Salah satu rekan seprofesi saya bertanya baru-baru
ini, apakah saya rindu menjadi jurnalis. Well, dia salah timing. Saya baru satu
bulan meninggalkan profesi ini, ibarat meniqa ya lagi hawt-hawt nya :D Tentu saya
jawab, enggak.
Ya, tahulah. Tak ada yang sempurna, begitu juga
profesi. Walau jurnalis punya kemewahan akses, ada satu hal dalam profesi ini yang
membuat saya berpikir ulang untuk menjadikannya pelabuhan karir.
Seperti kata pepatah, ada dua hal dalam hidup yang kita tak boleh salah dalam memilih: pekerjaan dan pendamping hidup (suami/istri). Sebab, kita akan menghabiskan umur kita dengan keduanya.
Pertama, waktu kerja. Saya suka waktu kerja
fleksibel yang dimiliki profesi ini. Memungkinkan saya bisa mengatar jemput
anak sekolah dulu. But, saking fleksibelnya seringkali harus pulang larut
malam, apalagi kalau sudah naik jabatan jadi editor dan harus jaga kandang. Jam kerja berbeda dari kebanyakan profesi pada umumnya yang mengusung 9
to 5.
Kedua, bergantung pada narasumber. Ya iyalah!
Err, maksudnya cepat atau tidaknya pekerjaan selesai tergantung respon
narasumber apalagi kalau deadline mepet untuk terbit besok pagi. Artinya harus selesai malam itu juga dan sebelum jadwal percetakan tutup. Ini berlaku
untuk jurnalis yang bekerja di koran harian. Seketat apapun kita mengatur jadwal harian kita, tak berlaku di profesi ini. Sebab, bisa saja molor lantaran menunggu jawaban dari narasumber.
Saat hamil anak kedua, saya sering pulang malam karena harus piket jaga kandang. Tak masalah kalau tak ada liputan, artinya saya bisa bawa mobil dan berangkat agak siang. Tapi kalau harus ada liputan pagi, lalu balik jaga kandang dan dapat rekan nulis tandeman yang ngaret.
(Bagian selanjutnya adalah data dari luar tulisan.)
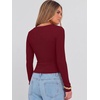 image:imageANRABESS Long Sleeve Crop Top for Women Scoop Neck Ribbed ShirtsWine Red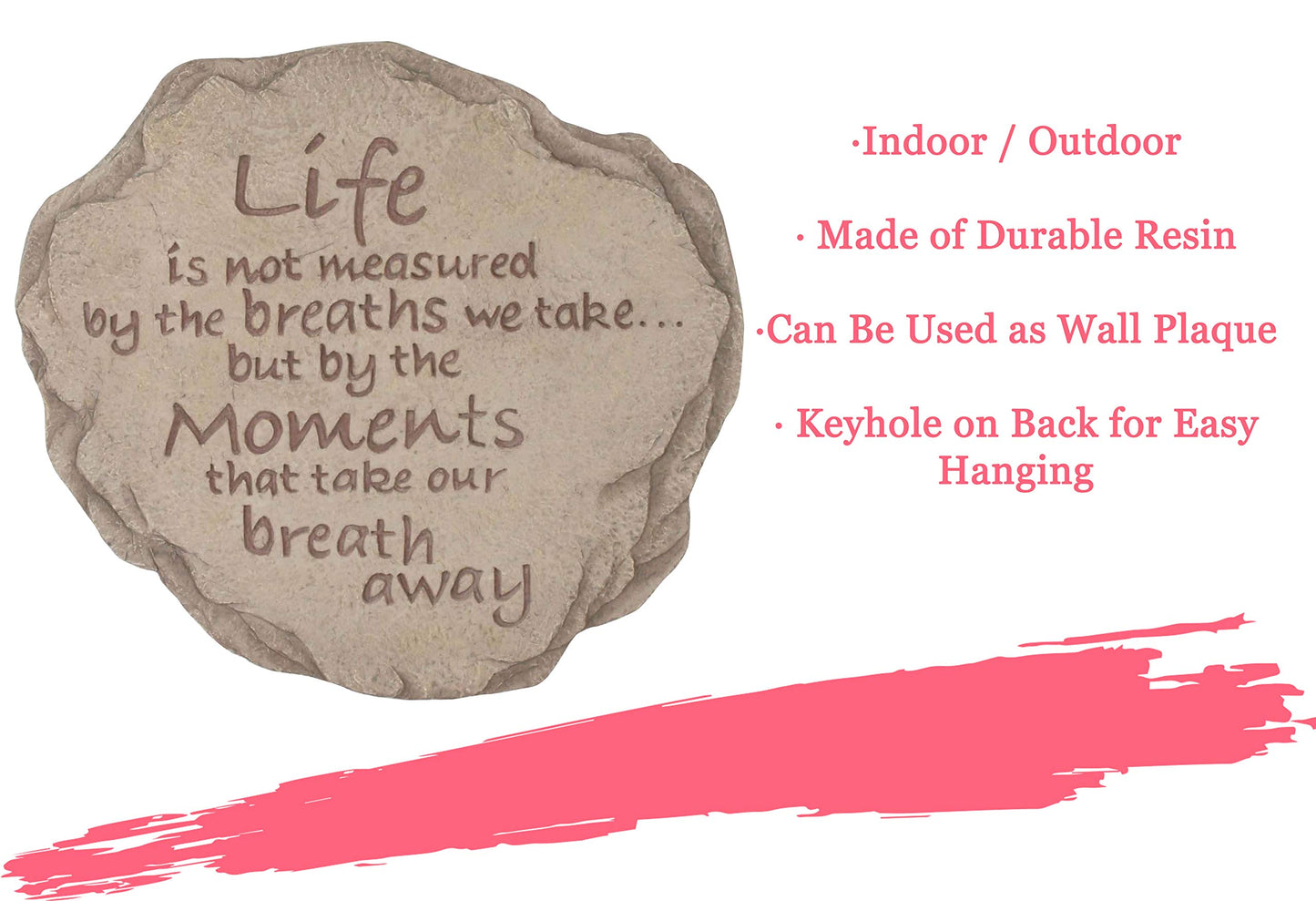 Spoontiques - Garden Décor - Life is Not Measured Stepping Stone - Decorative Stone for Garden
Ucapkan: kopi mana kopi? Sambil lambaikan bendera putih.
Ketiga, apa ya sebutannya. Hehe. Begini,
berkarir di meja redaksi membuat saya hanya memikirkan konten. Bagaimana membuat
konten yang bagus, revelan dan menarik bagi publik. Semakin tinggi karir, tetap sama. Bagaimana
bisa menghadirkan konten yang bagus. Mengedit pekerjaan jurnalis junior, menyusun topik
untuk edisi selanjutnya, rapat redaksi untuk menentukan mana yang layak jadi berita cover atau headline, dan sampai larut malam memastikan proses
editing selesai hingga siap diterbitkan. Pulang dini hari, lalu pagi harus
sudah ON lagi karena ada keluarga dan anak yang harus diurus. Jika tak
pintar-pintar bagi waktu, semakin tinggi karir di profesi ini justru semakin
sulit menjalin relasi karena rutinitas tersebut.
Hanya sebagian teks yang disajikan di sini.